And events are automatically sent to the innermost object possible. If you click on a button, the button will get the click first, then the window, and then it will fall through to the application. The application is like the catchall for every event that we send out. And this is just a picture of that containment hierarchy. It's pretty standard. Shouldn't surprise you.

When we send an event out, it may or may not be processed. So if the toolbox gets a click, we may send it out to some specific object and it may not be handled. Well, we may decide Well, we kind of know what it is, so we're going to send out another event which has a little bit more semantic meaning.

So, what started as a click could cascade into something really meaningful like "Window Moved." And in general, you want to listen to the higher level events rather than the lower level events because it means you didn't have to do all the code necessary to actually drag the window around.

So, if we take a visual example of that, say a click comes into an application, and we send it out, nobody responds to it, we feel bad, but we turn around and we take that, and we actually say, "Oh, you know what? That was on the Zoom box.

Let's tell people it was on the Zoom box." So we send out another event saying the Zoom box was hit, and nobody responds. We still feel bad, but anyways, we go on and we say, Oh, we know what to do when that happens. We'll just track the widget. Oh, it was a successful trap, a successful tracking, whatever. So, let's just broadcast out that the window needs to be zoomed.

and if nobody cares about that, we'll just zoom the window and say, "Hey, the window was zoomed." Now the benefit of all of this is that you can actually tap in at any one of these levels and intercept any one of these events to get the level of functionality that you want.

You might not care about any of this stuff. Maybe you don't even care that the window is zoomed. You know, you want to support that feature, but you don't want to deal with the code necessary to drive that. We can take care of that. Maybe you really have a problem with the way the toolbox does zooming. I can't imagine that, but if you do, you can just override that part of it. It's totally up to you.

So we have a lot of events that we've defined. We used to be limited by the size of the Event Mask. The Event Mask was limited to 16 events, because the Event Mask was 16 bits wide. Kind of limiting. In the Carbon Event Model, we have lots of events. We went nuts.

Some of these events you already know. You know things like mouse down, you know things like window update, window activate. But we also introduced a whole new set of events, things like control hit, process a command please, or the window was moved or it zoomed or whatever. I want to talk about a couple of specific events that have changed, or maybe are a little better.

Maybe I should have shown that later. So the first one, I want to talk about mouse events. We now actually have multi-button mouse support. If the system tells us that the right mouse button was hit, we'll tell you. I mean, we have no problem. We just give you the information.
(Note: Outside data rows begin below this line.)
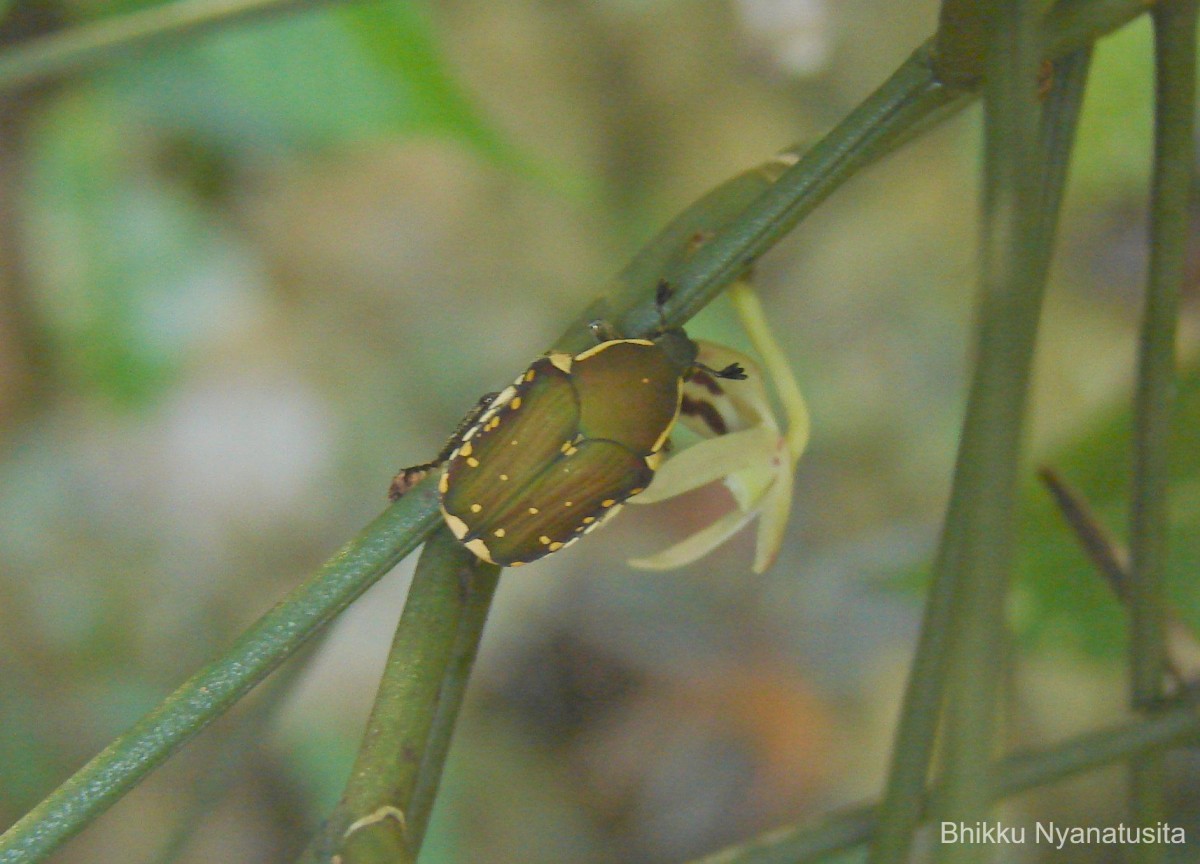 Luisia tenuifolia Blume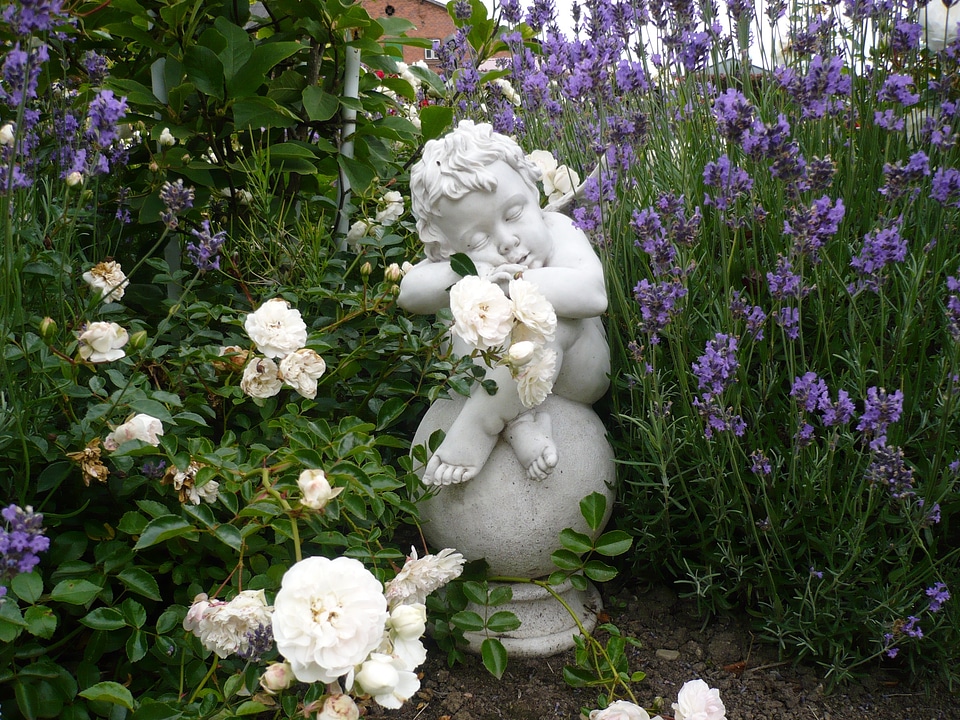 Wing cherub white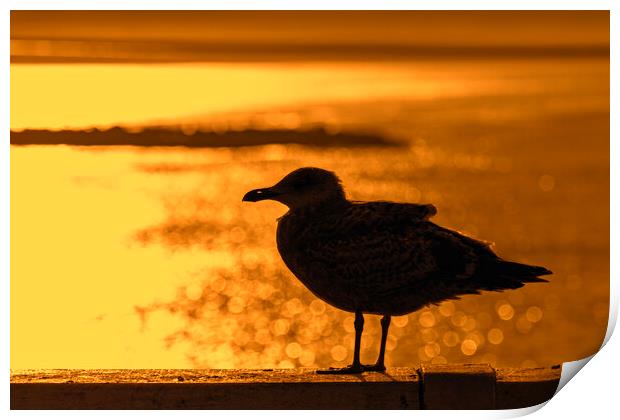 Herring Gull at Sunset Print by Arterra 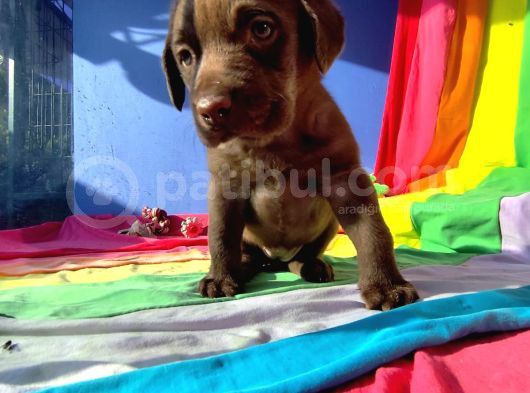 Süper Krem Ve Çi̇kolata Labrador Yavrular görsel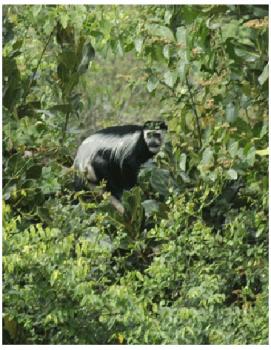 Gebrand Uganda, Washed Arabica, Bugisu AA, Mount Elgon Project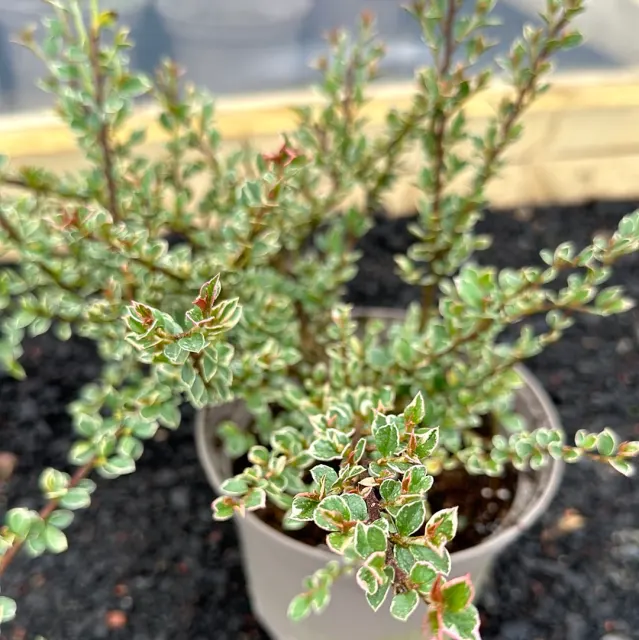Cotoneaster horizontalis ‘Variegatus’ — katalog fotoğrafı
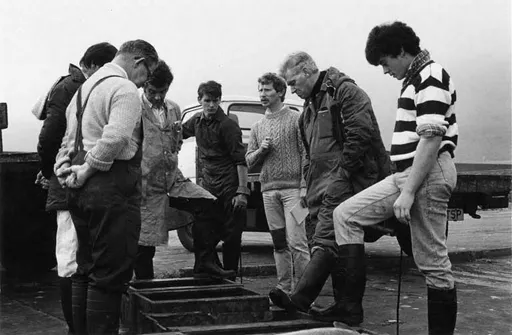 The Enterprise's catch being auctioned in Gourdon Harbour, 1985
And also, if you load up DP4, hook up your favorite USB mouse, and start moving the mouse wheel, we're going to start sending you mouse wheel events.

And if you actually look at the simple text example that is on DP4, you'll see how to handle it. It's kind of a hack, but it works. And the last thing is we have multi-click detection, so you don't necessarily need to determine that a double-click happened. We'll just tell you.

Alright, now to make you sad. Keyboard input is actually different than it was. It used to be pretty simple. You get an event, it had a key character, I mean a key code, and the actual character that was typed. What we want to do in Carbon is provide full Unicode keyboard input. So we changed things a little bit.

Now I'm going to jump to the last point, which is that if you're calling WaitNextEvent, you're still going to get keyboard events just like you're used to. Nothing has changed. However, if you're using the new event model, you need to be aware of a couple of things. First, there are two types of keyboard events.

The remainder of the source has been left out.